## Problem
Please copy each line of the listing below precisely, excluding the images.

## Exercise data
^^^^^^^^

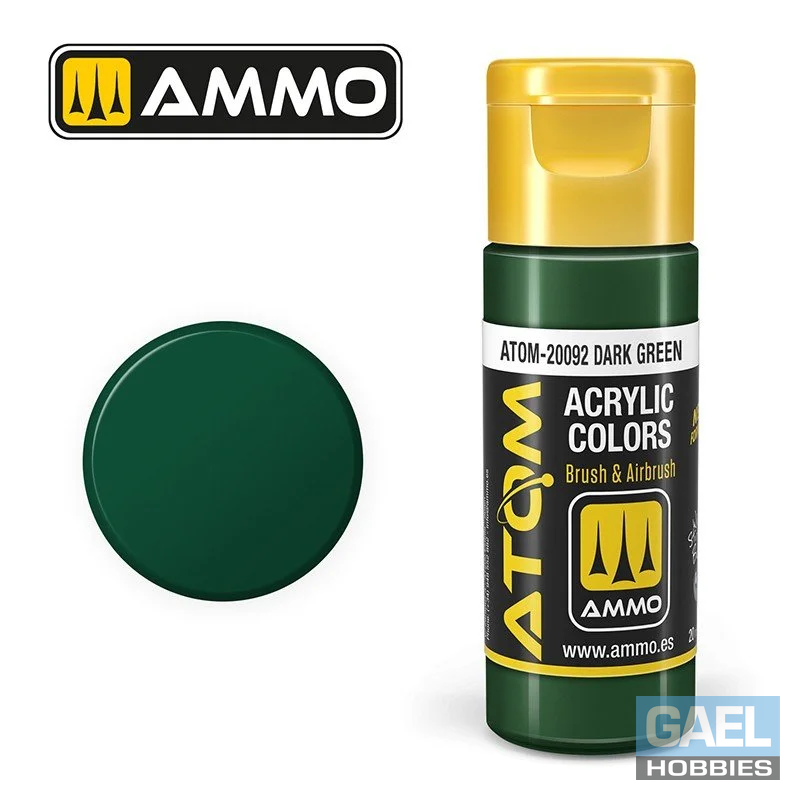 AMMO ATOM ACRYLIC COLOR 20mL Dark Green (FS34062) #ATOM-20092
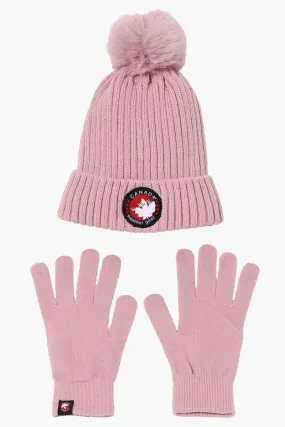 Canada Weather Gear Gloves Pom Pom Hat Set - Pink
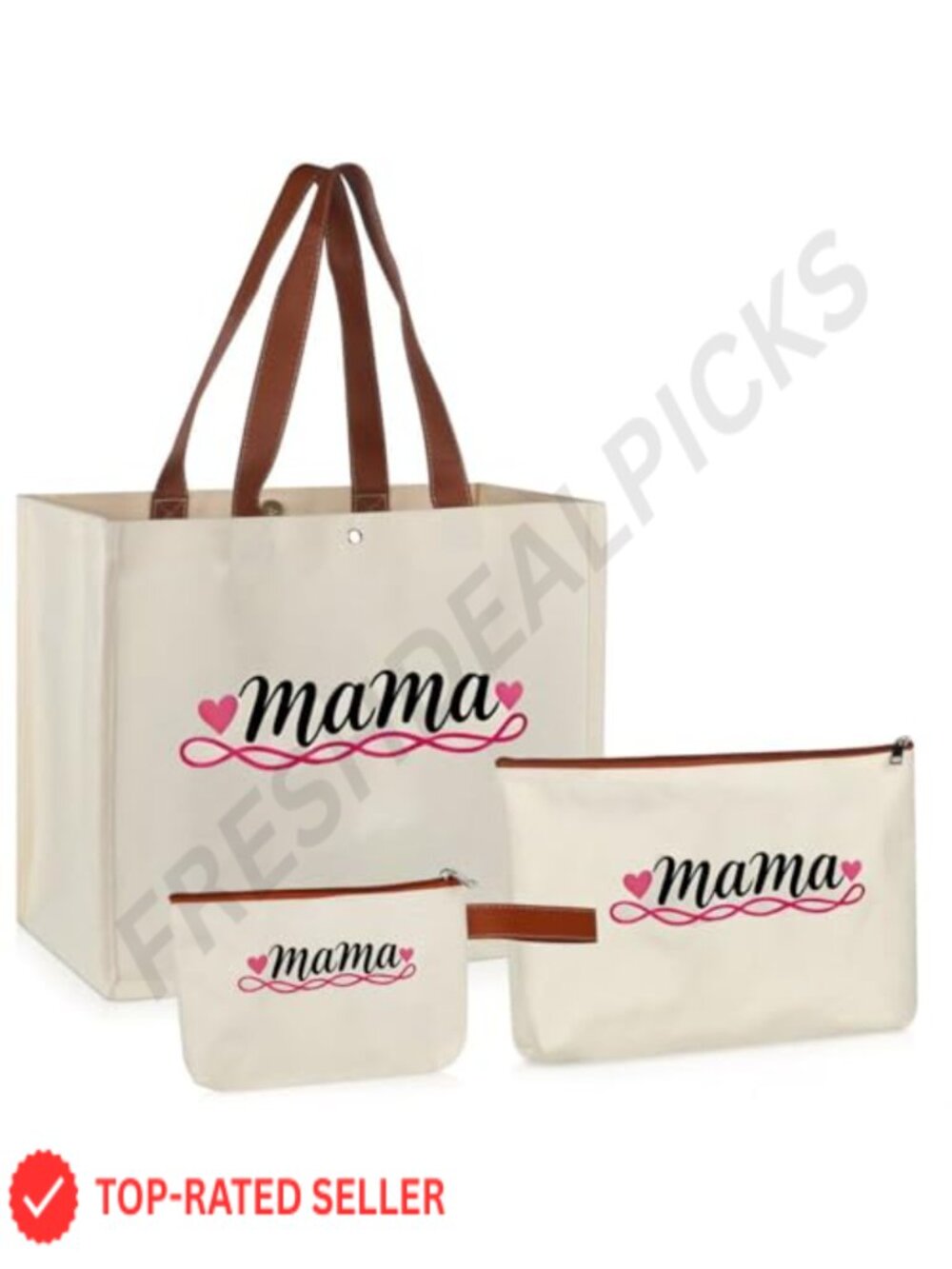Mama Tote Bag Set with Canvas & PU Leather - 3 Piece Gift for Mom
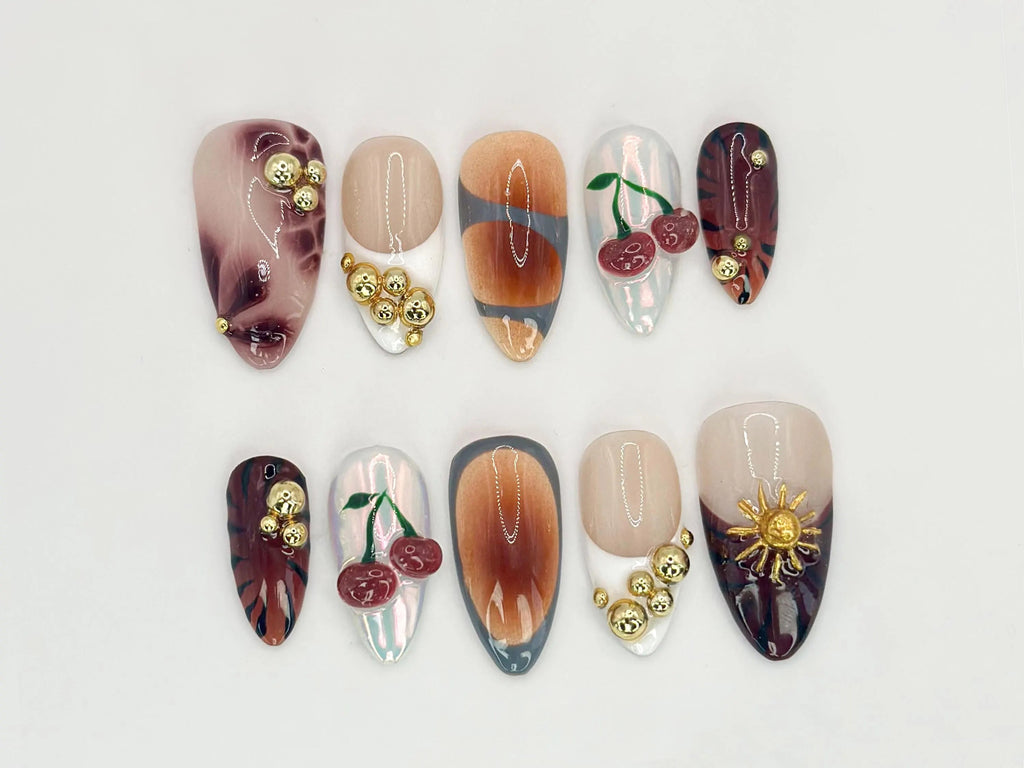 Fruit Garden Custom Press On Nails | Hand-Painted Watermelon. Strawberry & Citrus Nail Art | Vegan-Friendly Nail Designs | OB525HC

^^^^^^^^

## Final answer
 AMMO ATOM ACRYLIC COLOR 20mL Dark Green (FS34062) #ATOM-20092
 Canada Weather Gear Gloves Pom Pom Hat Set - Pink
Mama Tote Bag Set with Canvas & PU Leather - 3 Piece Gift for Mom
 Fruit Garden Custom Press On Nails | Hand-Painted Watermelon. Strawberry & Citrus Nail Art | Vegan-Friendly Nail Designs | OB525HC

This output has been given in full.